DATA SECTION.
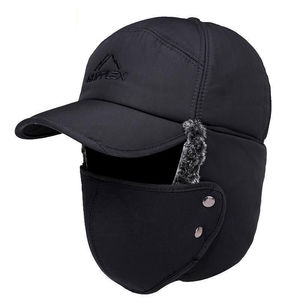 Hot Winter Outdoor Warm Adjustable <b>Black</b> Furry Fluffy 5-Panel Polyester/Cotton/Metallic Ear Trapper <b>Hat</b> for <b>Men</b> - Product Image 5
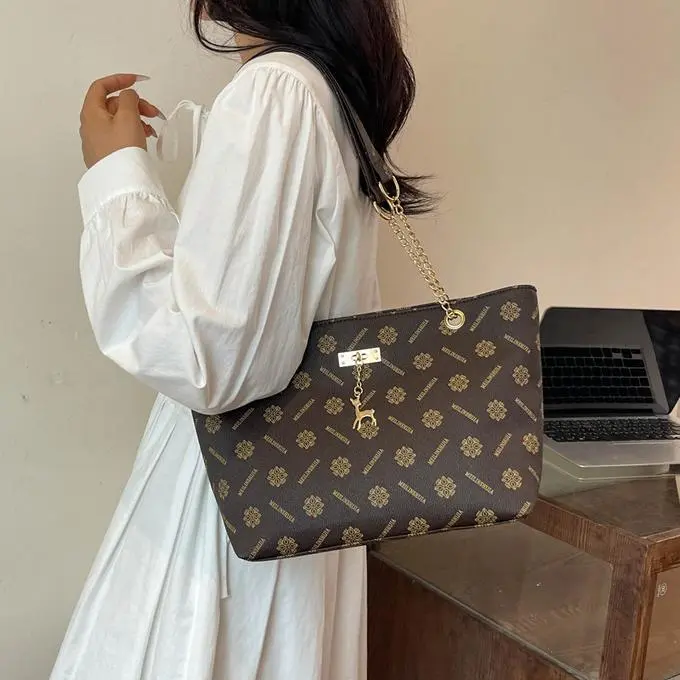 NX DOUGHNUT PU Shoulder Bag Regular Women's White/Dark Brown/Yellow Brown-20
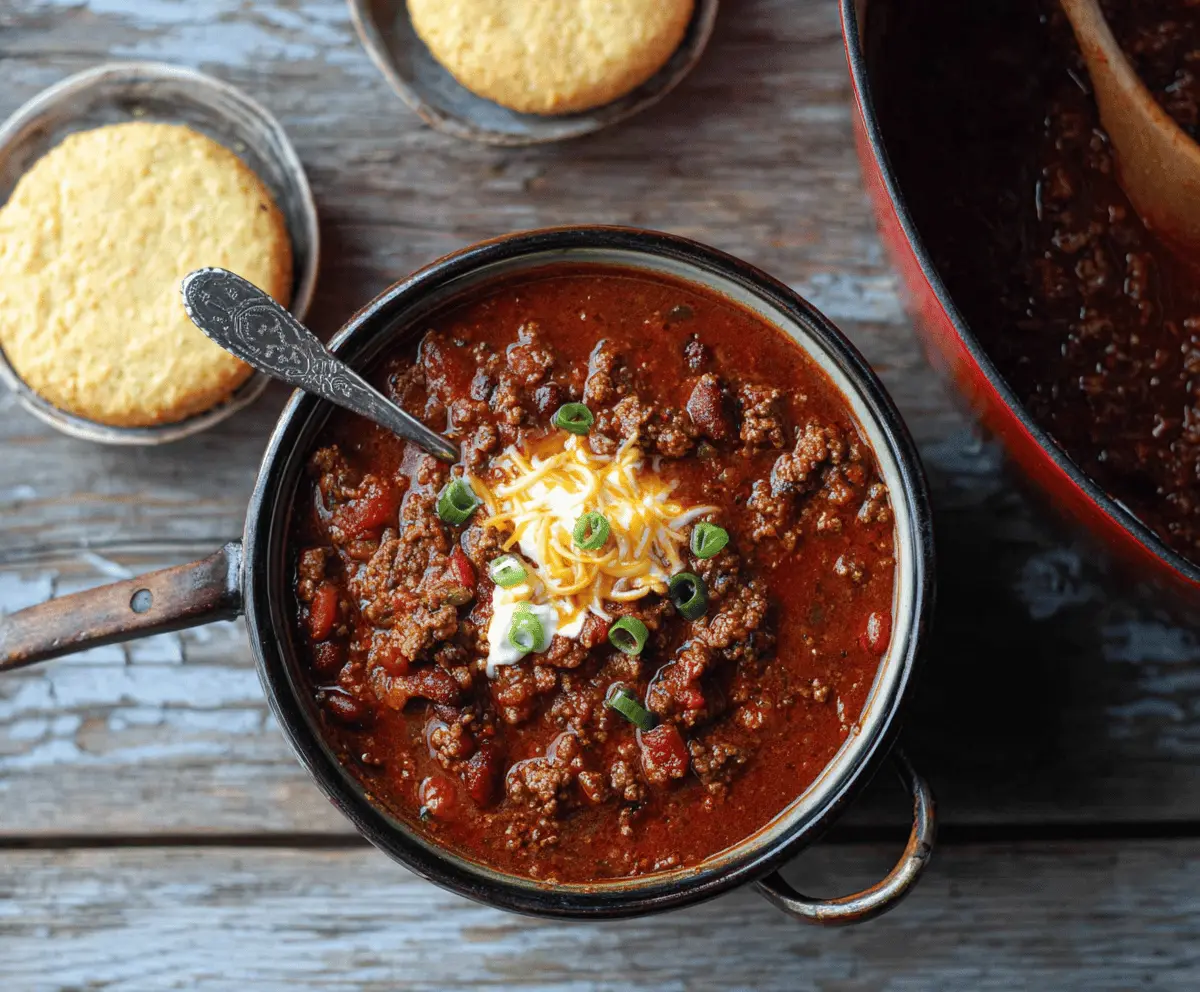 Delicious 30-minute chili in a bowl with ground beef, beans, tomatoes, and spices ready to serve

TASK INSTRUCTIONS. Omit any images, then output the listing exactly.

OUTPUT OF THE EXERCISE.
 Hot Winter Outdoor Warm Adjustable <b>Black</b> Furry Fluffy 5-Panel Polyester/Cotton/Metallic Ear Trapper <b>Hat</b> for <b>Men</b> - Product Image 5
 NX DOUGHNUT PU Shoulder Bag Regular Women's White/Dark Brown/Yellow Brown-20
 Delicious 30-minute chili in a bowl with ground beef, beans, tomatoes, and spices ready to serve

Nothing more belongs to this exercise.